“Jetzt ist plötzlich alles weg” – VW-Sparkurs verunsichert Osnabrück

– von Victoria Waldersee

Osnabrück (Reuters) – Der Sparkurs und drohende Werksschließungen bei Europas größtem Autobauer Volkswagen rufen bei Jörg Dilge schmerzhafte Erinnerungen hervor.

Denn es ist nicht das erste Mal, dass die Autofabrik in der niedersächsischen Stadt vor dem Aus steht.

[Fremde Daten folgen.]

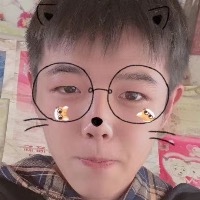 我们桑吉内蒂见到你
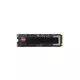 Samsung 9100 Pro MZ-VAP4T0BW SSD 4TB, M.2, NVMe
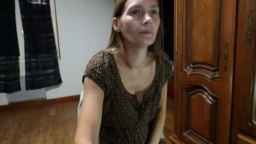 sophiecoquine Webcam Rips 21-09-2023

Schon vor 15 Jahren musste der Auftragsfertiger Karmann Pleite anmelden. “Es ist haargenau das Gleiche”, sagt der 58-jährige Unternehmer nun zu den Schwierigkeiten bei VW, während er am Werk vorbeifährt. “Wir waren sicher, es hieß immer, Karmann kann nicht untergehen, wie die Titanic. Dann ist es irgendwann doch passiert.”

Volkswagen hatte das Werk in Osnabrück im Zuge der Karmann-Insolvenz übernommen. Einige der Karmann-Mitarbeiter wechselten zu VW, andere suchten sich etwas Neues. Dilge machte sich mit einem Zulieferbetrieb selbstständig und baute für VW unter anderem Cabrio-Prototypen und Messeautos. Als das Werk anfing, in Schwierigkeiten zu geraten, seien die Aufträge immer langsamer gekommen, sagt er. “VW Osnabrück hat eine Auslastung von 18 Prozent. Da kann ich verstehen, wenn die Werksleitung sagt, sie wollen alles selber machen.”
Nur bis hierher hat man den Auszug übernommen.